__SUPPLIED MATERIAL__

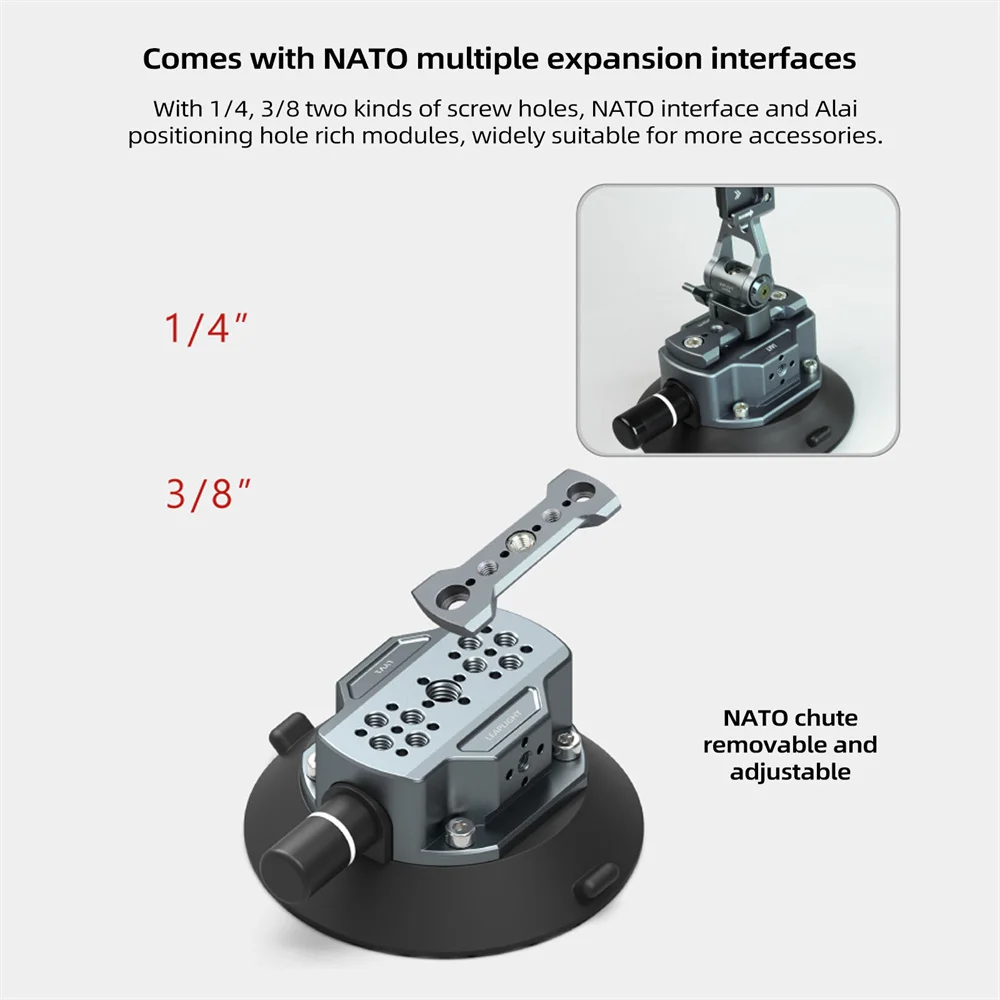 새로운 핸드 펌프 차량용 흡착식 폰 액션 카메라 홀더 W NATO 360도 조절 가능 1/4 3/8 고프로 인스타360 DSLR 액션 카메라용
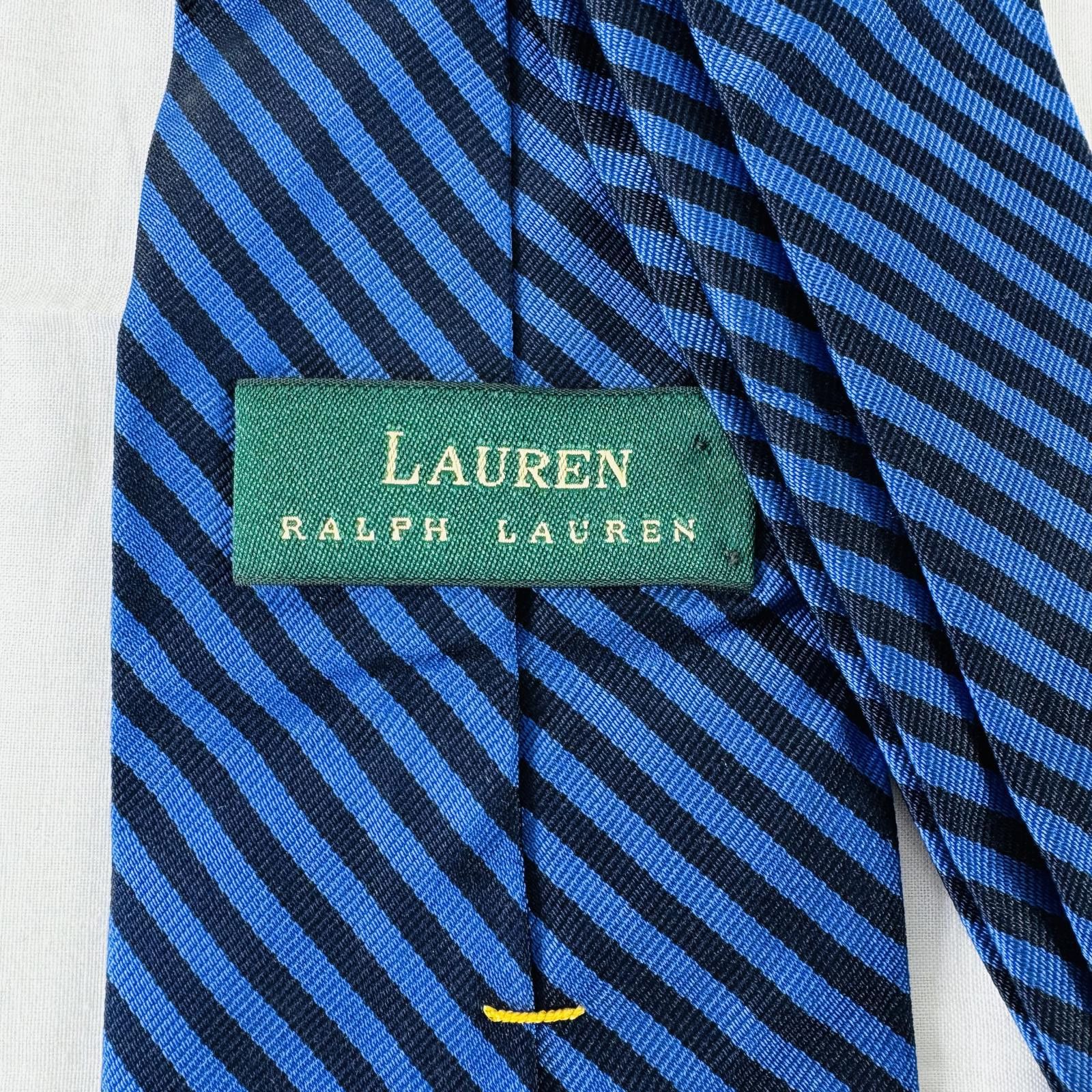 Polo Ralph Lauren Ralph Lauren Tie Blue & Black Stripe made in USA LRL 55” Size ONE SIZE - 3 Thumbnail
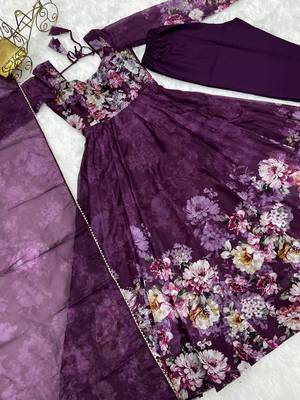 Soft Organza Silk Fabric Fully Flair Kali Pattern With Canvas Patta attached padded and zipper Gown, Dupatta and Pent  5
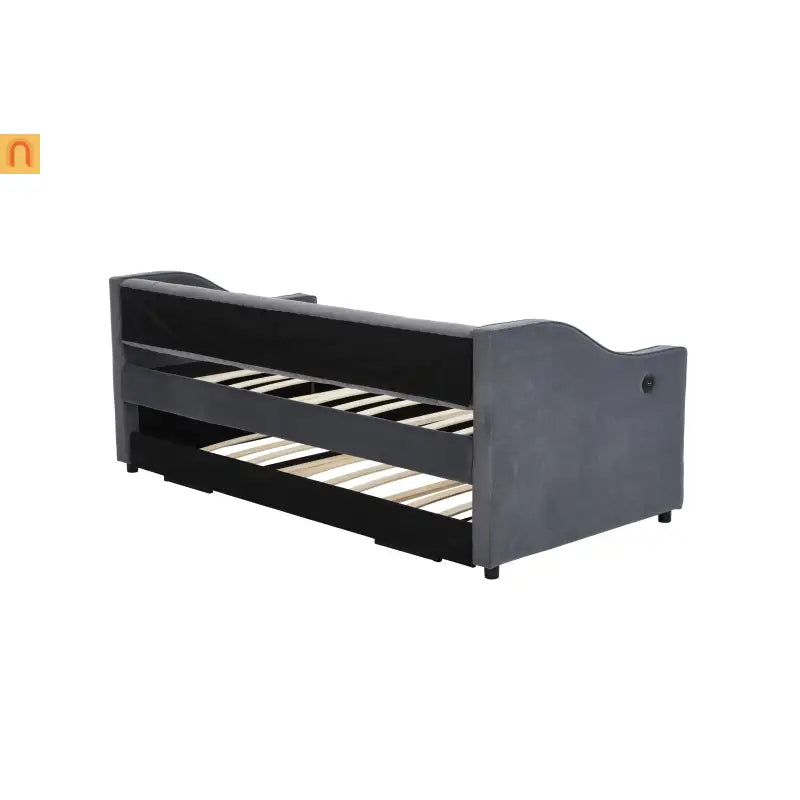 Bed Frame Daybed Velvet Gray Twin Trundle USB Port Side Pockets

__PROBLEM DETAILS__
Full copy, no pictures: write out each line of the data exactly as it stands.

__WRITTEN ANSWER__
 새로운 핸드 펌프 차량용 흡착식 폰 액션 카메라 홀더 W NATO 360도 조절 가능 1/4 3/8 고프로 인스타360 DSLR 액션 카메라용
 Polo Ralph Lauren Ralph Lauren Tie Blue & Black Stripe made in USA LRL 55” Size ONE SIZE - 3 Thumbnail
 Soft Organza Silk Fabric Fully Flair Kali Pattern With Canvas Patta attached padded and zipper Gown, Dupatta and Pent  5
 Bed Frame Daybed Velvet Gray Twin Trundle USB Port Side Pockets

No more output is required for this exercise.